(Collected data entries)
....

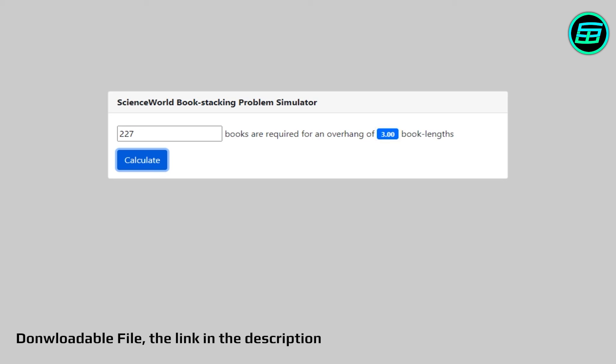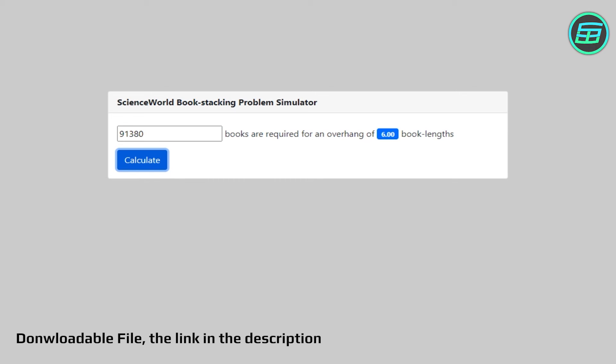And if you're ambitious enough to go for a six book length overhang, you'd need 91,380 books stacked in the optimal way to achieve your balancing act.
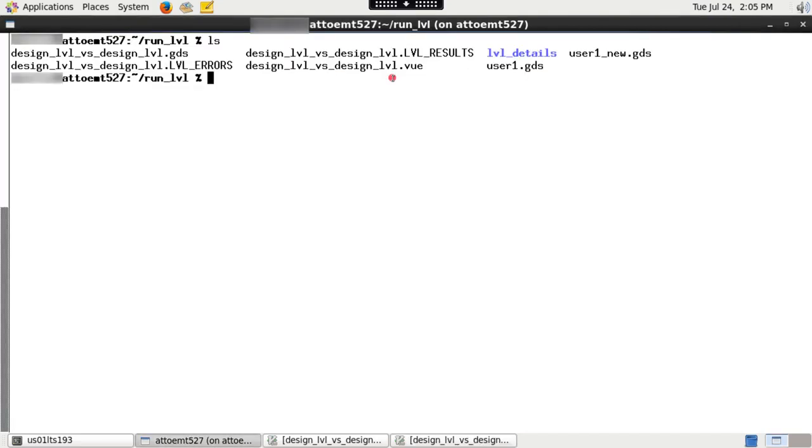If you want to cross probe results in your layout viewer, then please load cell1_by_cell2.VUE file in ICV VUE and click on differences which you want to cross probe.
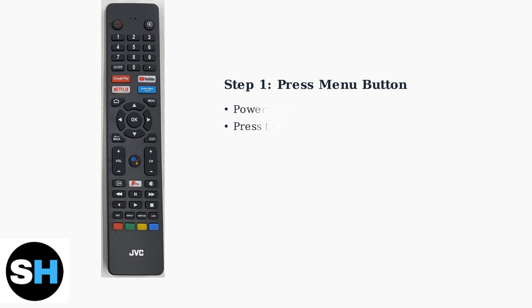Power on your JVC Smart TV and locate the Menu button on your remote control. This button will give you access to all the TV's settings and configuration options.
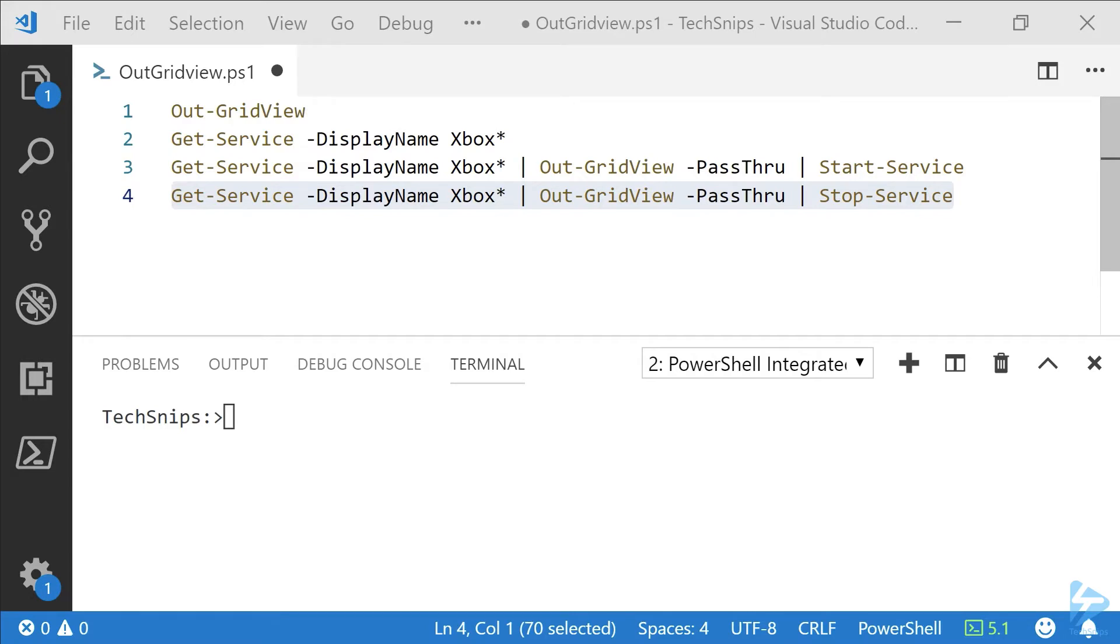To demonstrate the functionality of Out-GridView, we're going to use Start-Service and Stop-Service to select some services and see those changes take place.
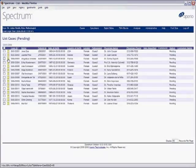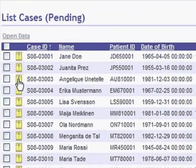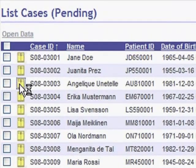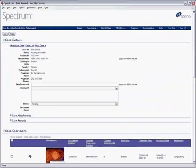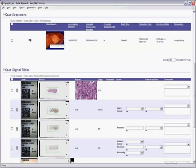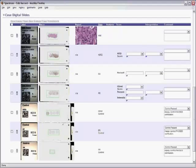Go through your work lists of pending cases. When you open a case, all case, specimen, and slide information, including gross images and controls, are conveniently at your fingertips.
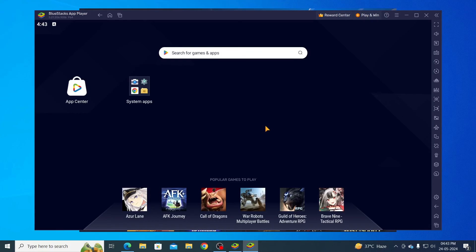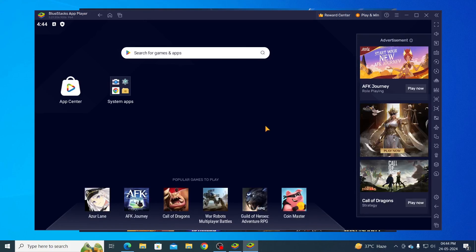And there you go. That is how to download and install BlueStacks on a Windows 10 laptop or desktop computer. I hope this video was helpful. If it was, please give it a thumbs up, and don't forget to subscribe.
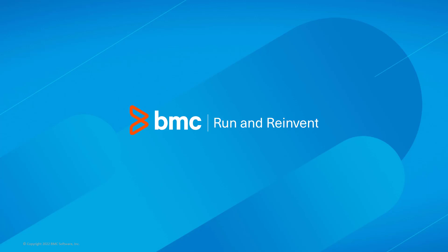That concludes this Control-M Solutions video. Please see our Knowledge Base and YouTube channel for more videos like this. Thank you for watching.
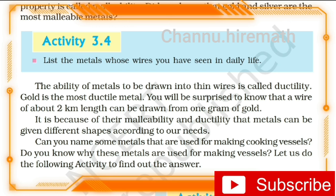The ability of a metal to be drawn into thin wires is called ductility. Gold is the most ductile metal — a wire of about two kilometers in length can be drawn from one gram of gold. It is because of their malleability and ductility that metals can be given different shapes according to our needs, which is why gold is used in ornament preparation.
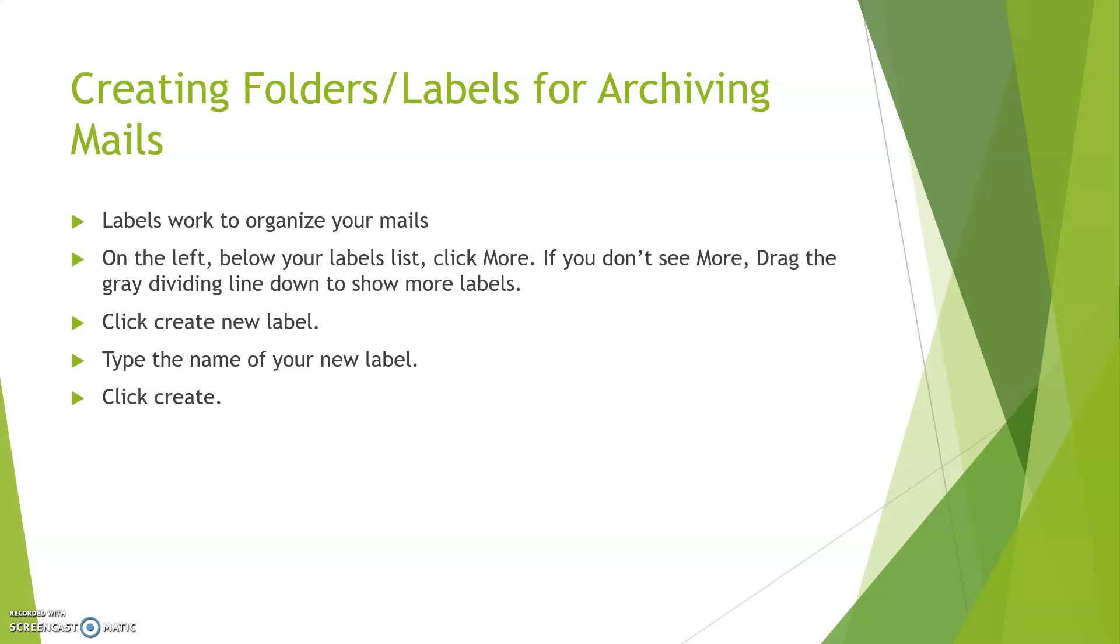Creating folder labels for archiving mails: Archiving means to manage the mail account. Labels work to organize your mail. On the left below your label list, click More. If you don't see More, drag the gray dividing line down to show more labels. Click create new label, type the name of your new label, and click create option. Your label will be created.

....

- ACTIVITY -
Set down exactly and only the lines from the start of the entries above through the line containing "Go through your", both ends included, omitting the pictures.

- EXERCISE OUTPUT -
And if you're ambitious enough to go for a six book length overhang, you'd need 91,380 books stacked in the optimal way to achieve your balancing act.
If you want to cross probe results in your layout viewer, then please load cell1_by_cell2.VUE file in ICV VUE and click on differences which you want to cross probe.
Power on your JVC Smart TV and locate the Menu button on your remote control. This button will give you access to all the TV's settings and configuration options.
To demonstrate the functionality of Out-GridView, we're going to use Start-Service and Stop-Service to select some services and see those changes take place.
Go through your work lists of pending cases. When you open a case, all case, specimen, and slide information, including gross images and controls, are conveniently at your fingertips.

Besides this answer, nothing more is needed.